PROBLEM TO WORK ON:
Beginning with the line that holds "Dec 17, 2023;" and ending with the last line below, please copy every line exactly, add nothing, and leave out the pictures.

------ INPUT DATA ------

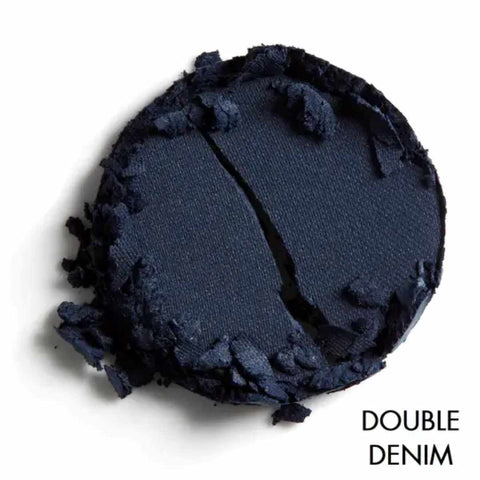 Navy blue makeup shade with textured edges on a white background, labeled 'Double Denim'.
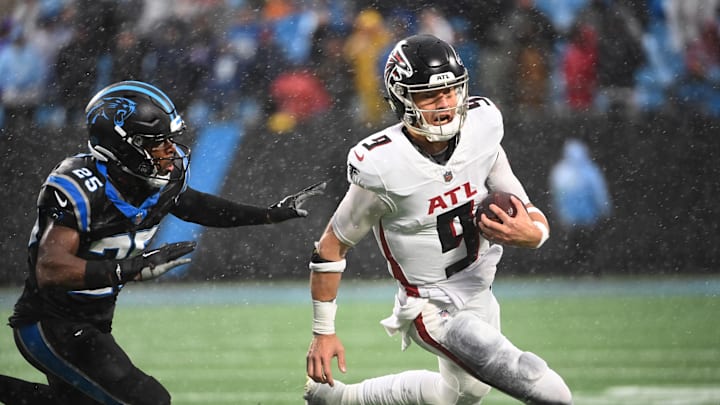 Dec 17, 2023; Charlotte, North Carolina, USA; Atlanta Falcons quarterback Desmond Ridder (9) runs as Carolina Panthers safety Xavier Woods (25) defends in the fourth quarter at Bank of America Stadium. Mandatory Credit: Bob Donnan-Imagn Images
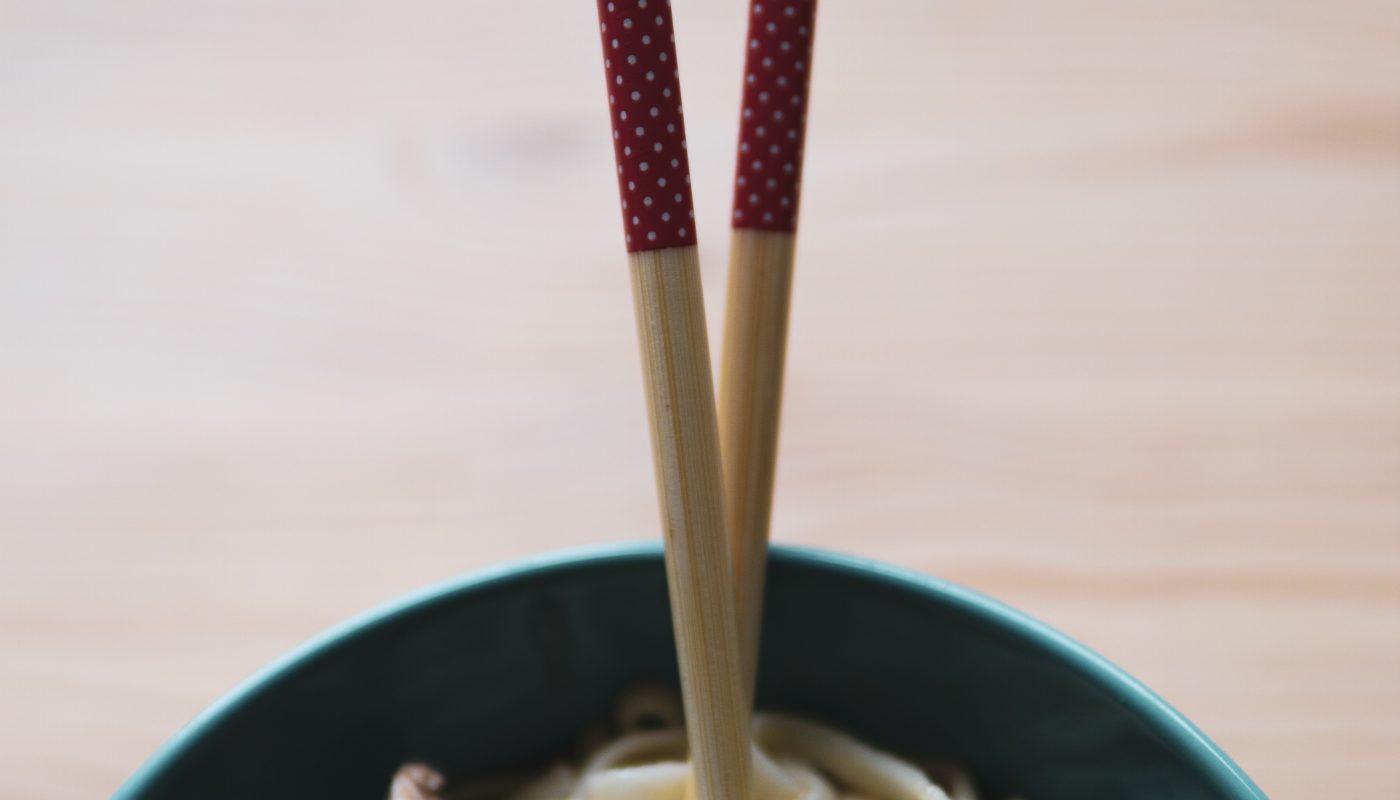 green and white ceramic bowl with brown chopsticks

------

ANSWER TO THIS EXERCISE:
 Dec 17, 2023; Charlotte, North Carolina, USA; Atlanta Falcons quarterback Desmond Ridder (9) runs as Carolina Panthers safety Xavier Woods (25) defends in the fourth quarter at Bank of America Stadium. Mandatory Credit: Bob Donnan-Imagn Images
 green and white ceramic bowl with brown chopsticks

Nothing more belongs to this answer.